Real life SEO at Alamy

Real-Life SEO at Alamy: A look at enterprise SEO and image search

May 31, 2022 - 10  min reading time - by Danielle Escaro
Accueil > SEO Thoughts > Real-Life SEO at Alamy

We spoke with Roxana Stingu, Head of Search and SEO at Alamy, as part of our project to share what Oncrawl users are doing in SEO in their day-to-day jobs.

Watch the full interview or read on for the key moments below.

Roxana Stingu: from link building to technical SEO to image search

“I’ve been in SEO for 15 years. I started in a bit of a weird way. A lot of people kind of fall into SEO, but my first job was actually SEO related.”

Roxana began her career in SEO while still at university in Romania. The opportunity arose when she was approached by a friend offering a well-paid job where she could work from home. From that, Roxana started working as a link builder.

After three years of working U.S. hours from across the globe, she was eager to find a more traditional job and started working for a hosting company called WebFusion.

After a couple of acquisitions, a few promotions and with almost 10 years of experience under her belt, Roxana felt it was time to step out of her comfort zone and so transitioned from Technical SEO Manager at GoDaddy to Head of Search and SEO at Alamy.

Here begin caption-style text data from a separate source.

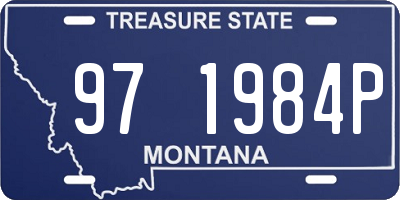 MT license plate 971984P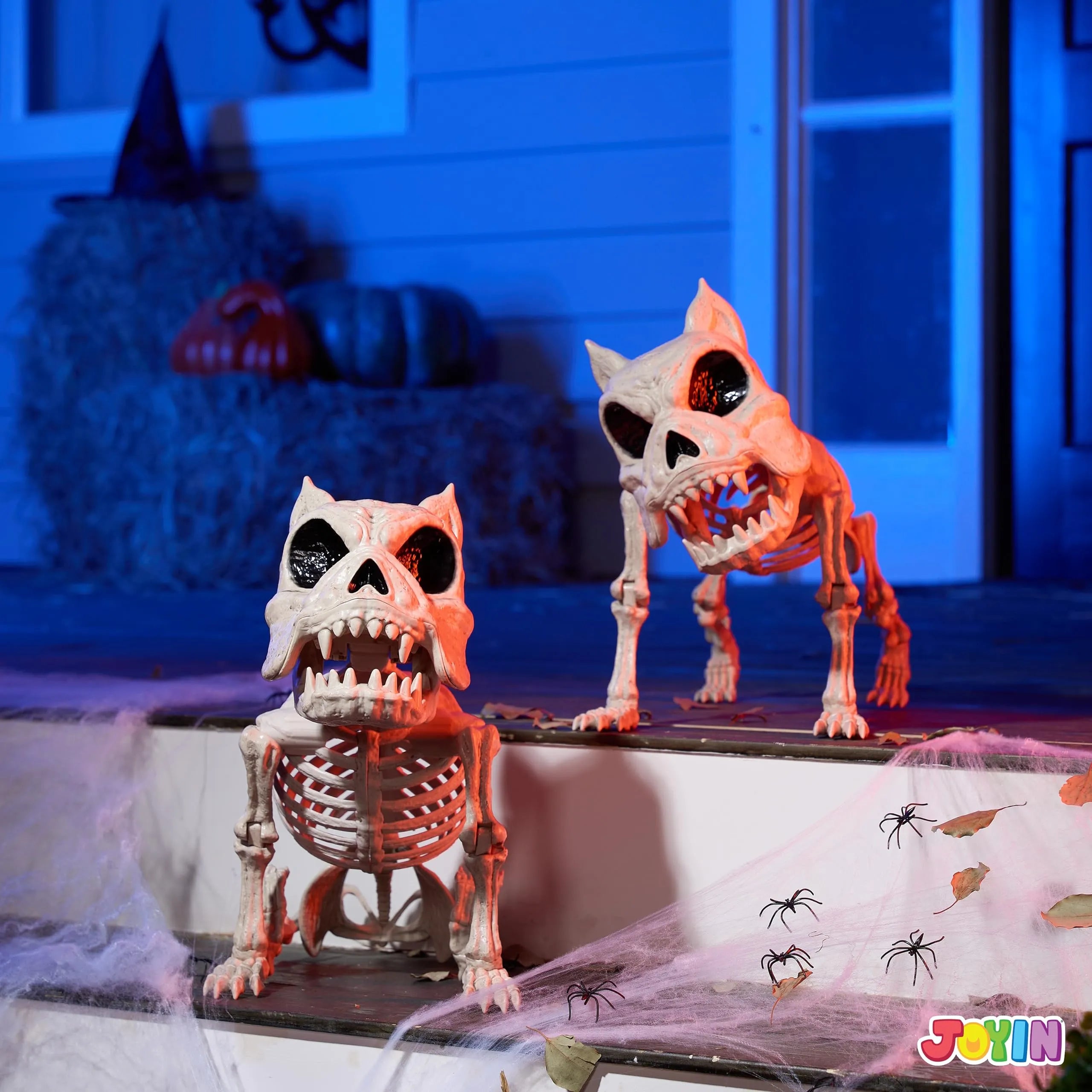 2 PCS 16in Halloween Pose-N-Stay Dog Skeleton Decoration Animal - Image 5
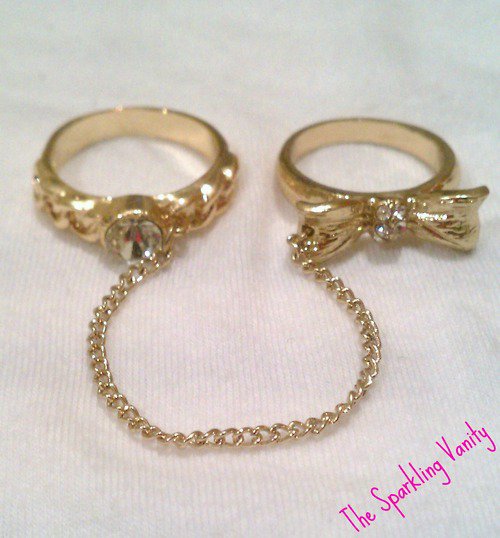Double Finger Chain Ring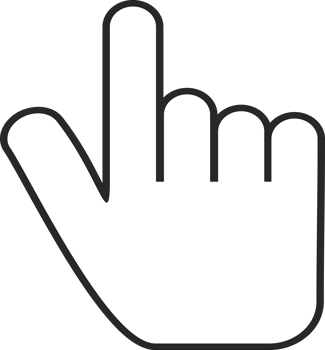 Finger point sign PNG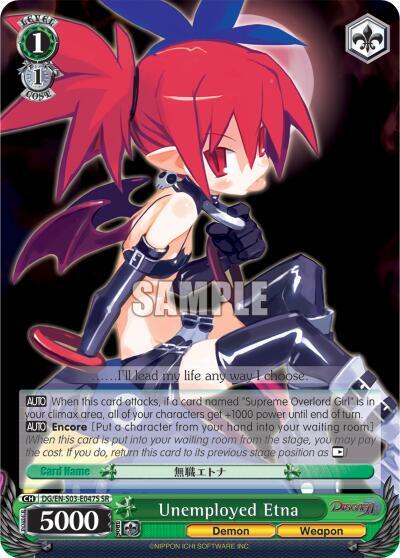 Unemployed Etna (SR) - [Disgaea] | Gear Gaming Fayetteville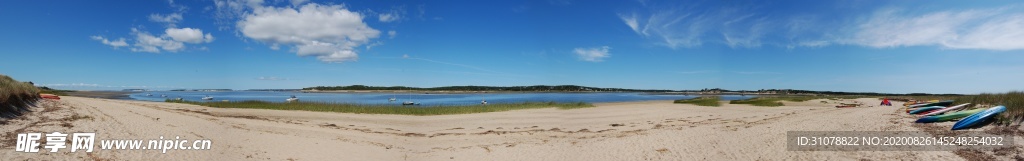 海岸风景摄影图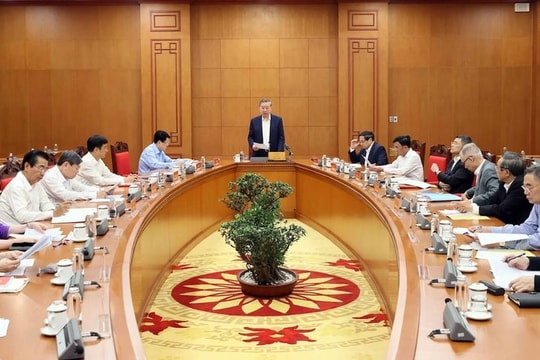 Tổng Bí thư Tô Lâm chủ trì Phiên họp Tiểu ban Nhân sự Đại hội XIV của Đảng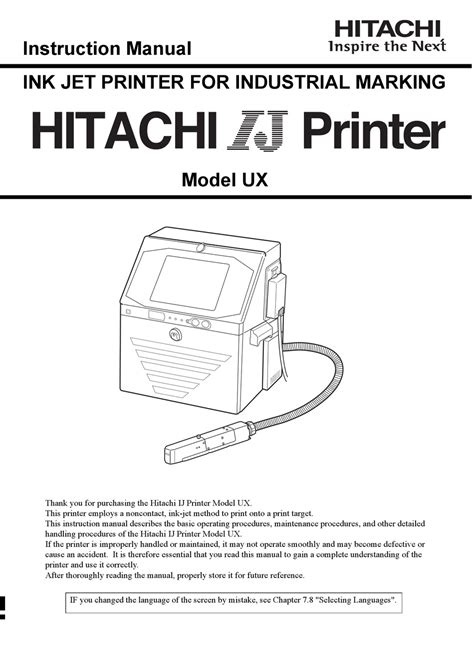 Hitachi ij printer instruction manual pb. - El último capítulo del admiral graf spee.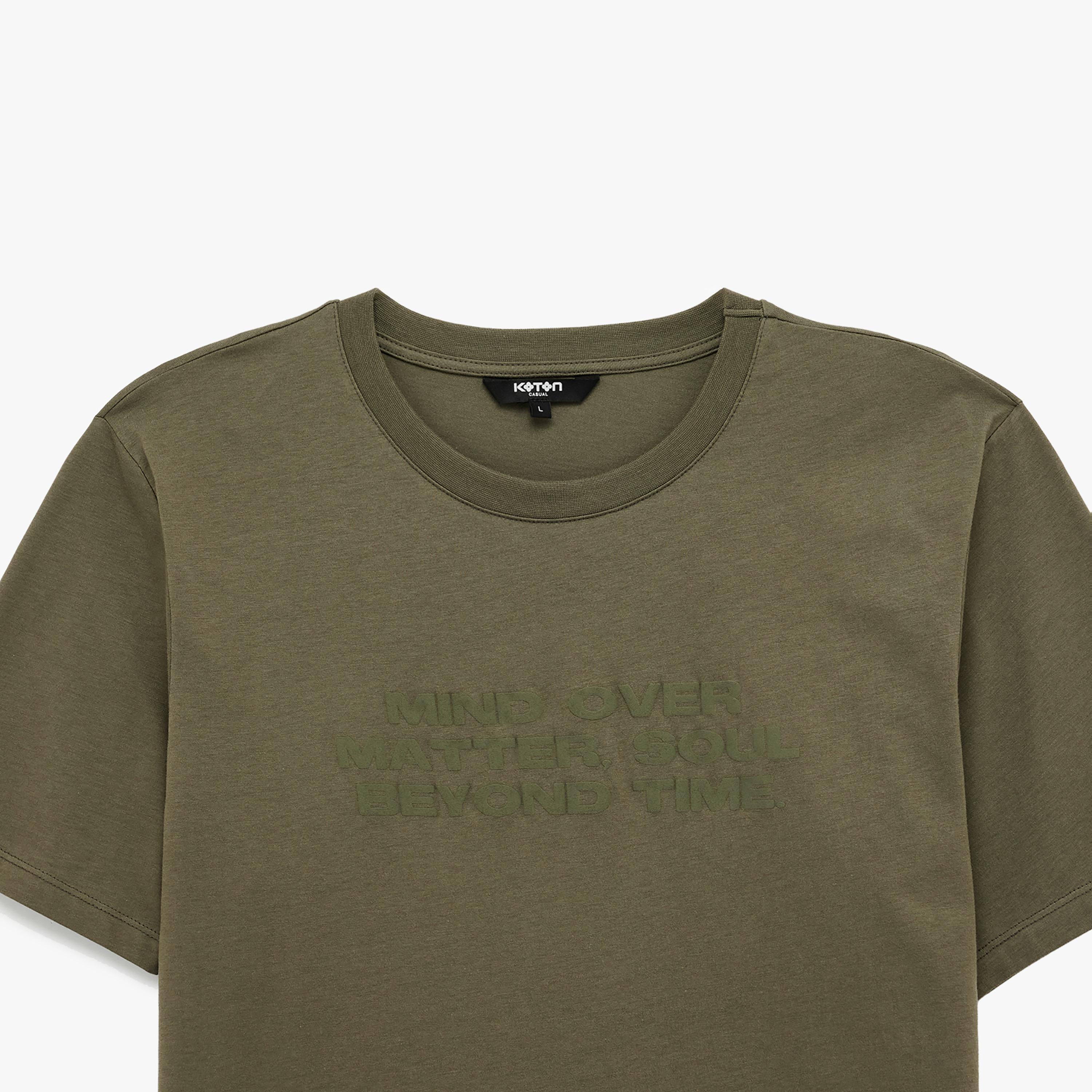 KOTON Text-Print Crew Neck Short Sleeves Men's T-Shirt-men-clothing-tshirtsandpolos-tshirts-image-6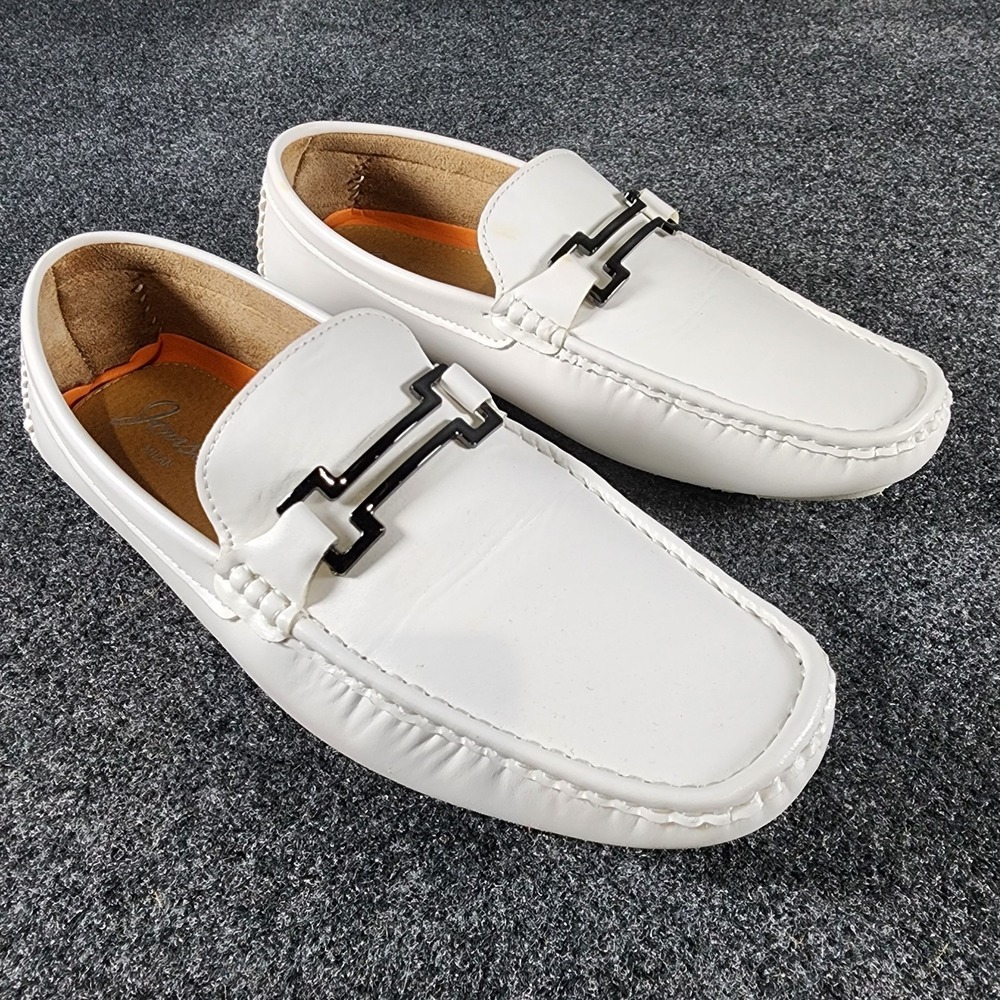 Jousen Milan Bit Loafers White Men's Size 11.5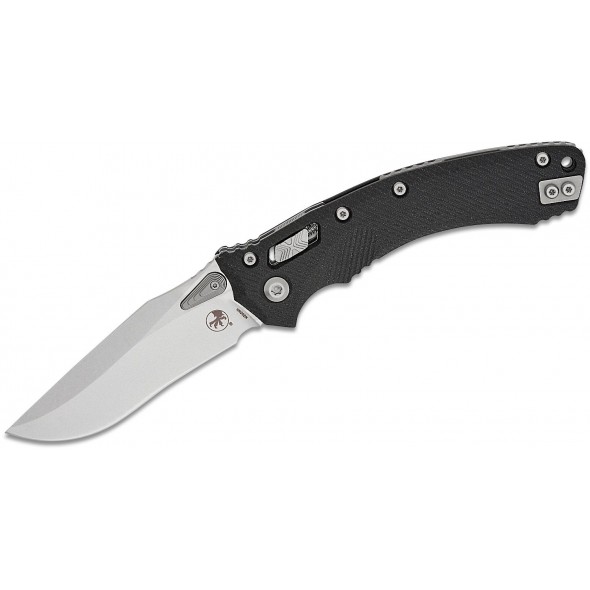 Microtech Amphibian RAM-LOK Stonewashed Fluted G10 Black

The appeal of something entirely new

Roxana Stingu Headshot

 

“After 10 years, my work and my position became very comfortable, so I wanted to find a job that was asking for things I’ve never done.”

 

Oncrawl: How did you make the transition from GoDaddy to Alamy?

Roxana: I knew the one thing I knew nothing about was image search, so I applied for that position. I initially thought my first interview would just serve as a test since I hadn’t done one in 10 years. However, during the interview, I found the company and the position so interesting. I wanted the job and they wanted me! So here I am at Alamy and I’ve been here for three years.

Oncrawl: Is there one thing in SEO in particular that you find more interesting?

Roxana: Yes, it is image search specifically. It’s very interesting, but it lacks the information you get with web search normally. With image search, you have a handful of people that are actually interested in image search and they constantly experiment to see how it works, because it’s not as documented as web search. We also lack a lot of data. You can get some image search data from GSC, but other than that, you don’t get any other information related to this type of search.

What intrigues me is that a lot of things come into play when you talk about image search because it also involves the information the actual image can provide. So, I’m very interested in using artificial intelligence to read what’s going on inside an image: what kind of information can we get that we don’t already have; how to use computer vision to name all the objects in the image or to create a better alt text for the images. There are so many possibilities.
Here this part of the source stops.